> [Your instructions] The records below hold pictures; please leave those out and retype the rest exactly.

Collected data
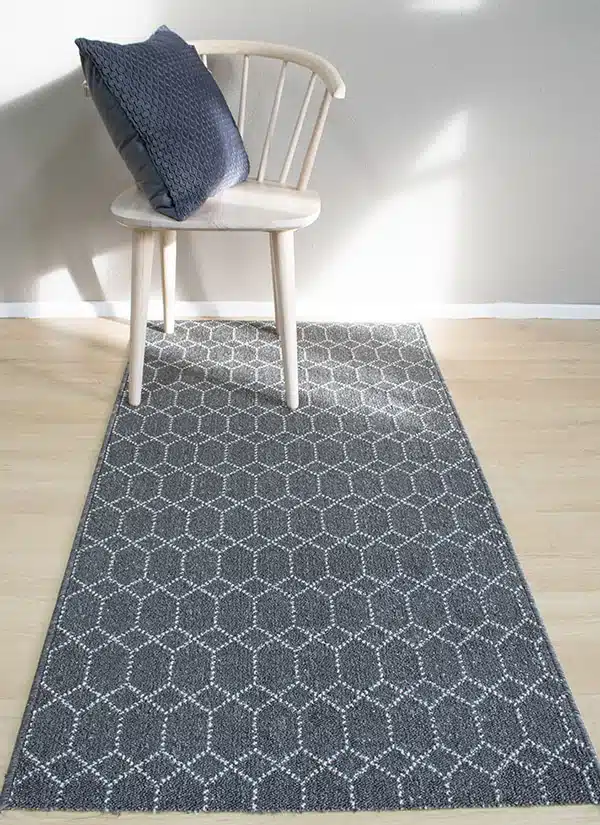 Belmont tummanharmaa käytävämatto leveys 80cm (lead-sugar)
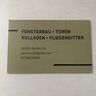 Fensterbau und Türen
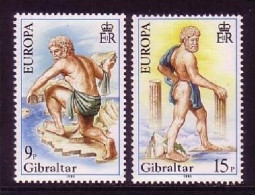 GIBRALTAR MI-NR. 416-417 POSTFRISCH(MINT) EUROPA 1981 FOLKLORE HERAKLES - 1981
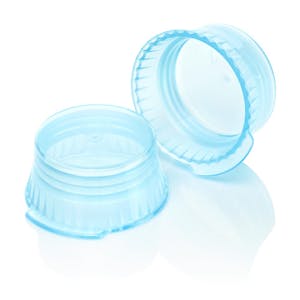 16mm Translucent Blue Snap Cap for 16mm Evacuated Tubes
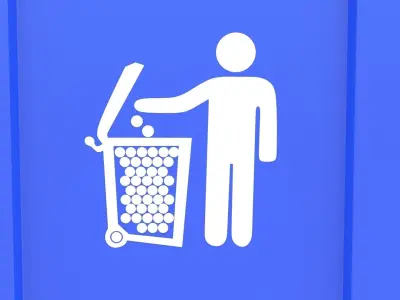 Trash Can Outdoor 04 3D model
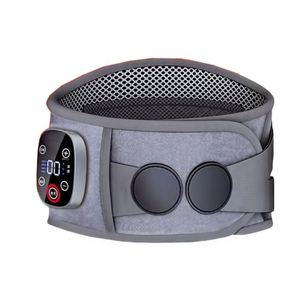 Portable Cordless Back Lumbar Massager Wireless <b>Remote</b> 3-Level Heat <b>Vibration</b> Slimming 180 Mins Battery Life Waist Belt Wrap - Product Image 5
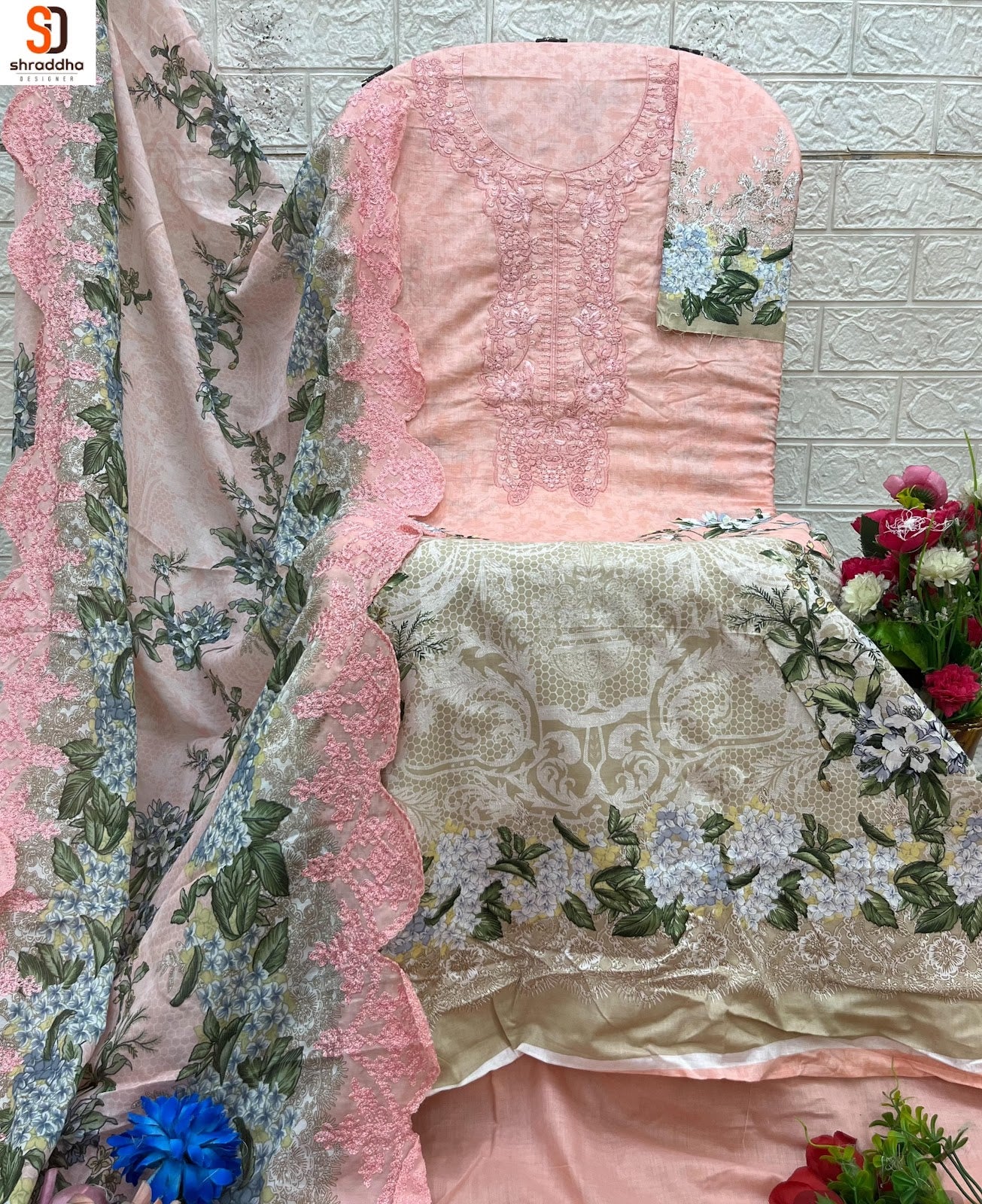 Needle Wonder Vol 2 Shraddha Designer Cotton Karachi Salwar Suits Supplier India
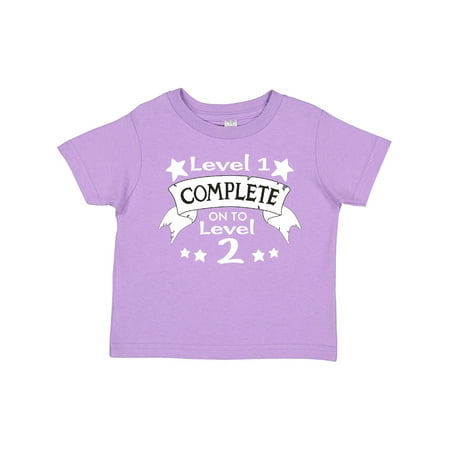 Inktastic Level 1 Complete on to Level 2 2nd Birthday Level Up Gift Toddler Boy or Toddler Girl T-Shirt
Inktastic Level 1 Complete on to Level 2 2nd Birthday Level Up Gift Toddler Boy or Toddler Girl T-Shirt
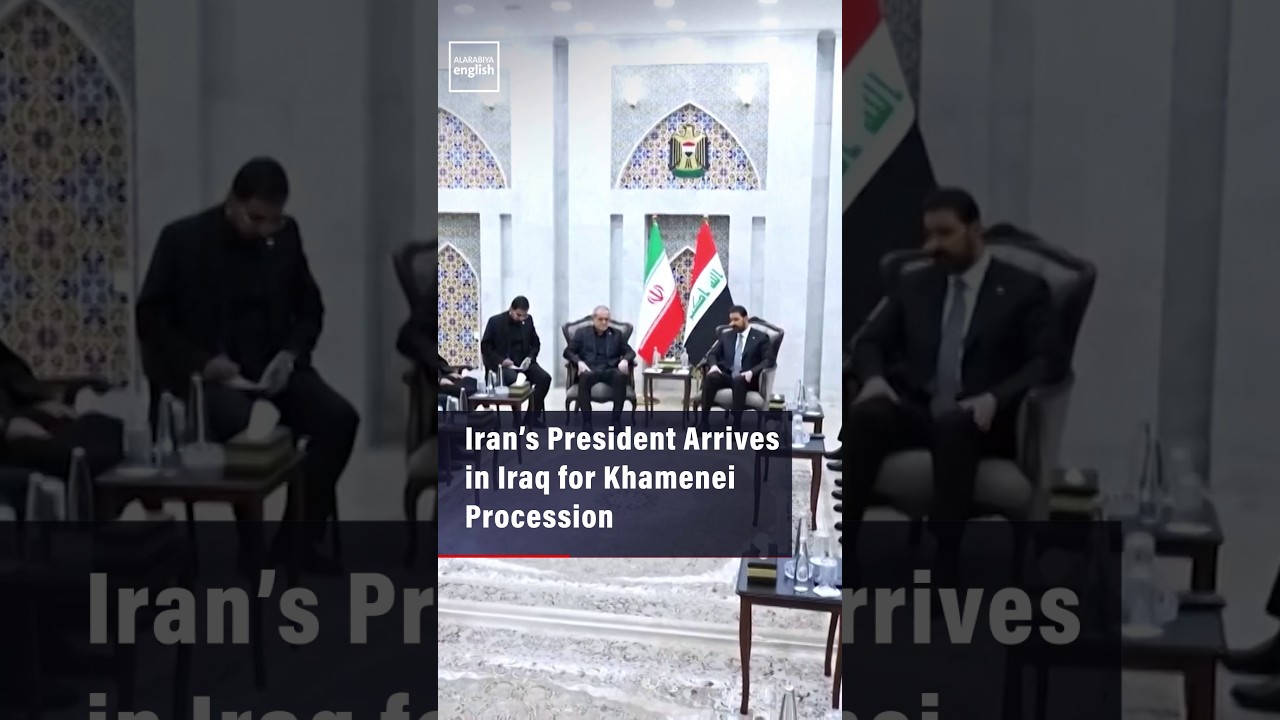 Video | Iran’s President Arrives in Iraq for Khamenei Procession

> [Solution for this problem]
 Belmont tummanharmaa käytävämatto leveys 80cm (lead-sugar)
 Fensterbau und Türen
 GIBRALTAR MI-NR. 416-417 POSTFRISCH(MINT) EUROPA 1981 FOLKLORE HERAKLES - 1981
 16mm Translucent Blue Snap Cap for 16mm Evacuated Tubes
 Trash Can Outdoor 04 3D model
 Portable Cordless Back Lumbar Massager Wireless <b>Remote</b> 3-Level Heat <b>Vibration</b> Slimming 180 Mins Battery Life Waist Belt Wrap - Product Image 5
 Needle Wonder Vol 2 Shraddha Designer Cotton Karachi Salwar Suits Supplier India
 Inktastic Level 1 Complete on to Level 2 2nd Birthday Level Up Gift Toddler Boy or Toddler Girl T-Shirt
Inktastic Level 1 Complete on to Level 2 2nd Birthday Level Up Gift Toddler Boy or Toddler Girl T-Shirt
 Video | Iran’s President Arrives in Iraq for Khamenei Procession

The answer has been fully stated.